Her objection was heard July 6, 1983. The main issue tried at the hearing, however, was not whether her nomination should be honored but whether a common-law marital status existed between Ben Carroll and Gayle Jones on April 5, 1977— the day the will was executed. Ben Carroll, as we said, had denied it in the will, and Gayle denied it under oath. Petitioner’s effort to overcome this with evidence that the amorous couple had entered into a mutual agreement to be married, an essential of a common-law marriage, prior to the fall of 1978 fell considerably short of the mark. It consisted primarily of factually unsupported “opinions” of petitioner Carroll and his brother which were not much more than self-serving speculations having little if any probative value.
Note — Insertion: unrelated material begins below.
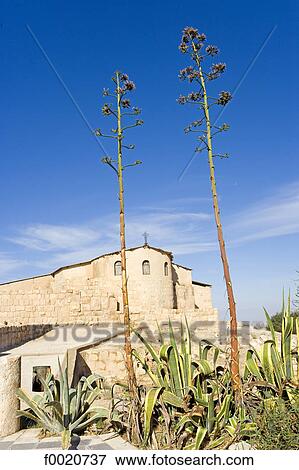 Stock Photo - Jordan, mount Nebo, Byzantine church. Fotosearch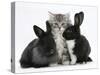 Maine Coon Kitten, 8 Weeks, with Baby Dutch X Lionhead Rabbits-Mark Taylor-Stretched Canvas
At the close of the evidence the trial judge correctly concluded that the weight of the evidence clearly required him to find that testator was not married when he executed the will. He proceeded to appoint Jones executrix of Ben’s estate, but then turned around and, somewhat paradoxically, announced that Gayle would not be allowed to inherit under the will for the reason that the divorce and the accompanying property settlement somehow had the effect of revoking the testamentary devise to Gayle Jones. While the record does not disclose what the trial judge thought about § 114, it does indicate he was influenced by a District of Columbia circuit court of appeals decision which involved a question of whether a divorced woman could take the “entire estate” of her former husband under the provisions of a will he executed while married to the woman. The federal court invoked the common-law doctrine of implied revocation and concluded that the property settlement which accompanied the former wife’s divorce was a sufficient change of condition to revoke the will as to her.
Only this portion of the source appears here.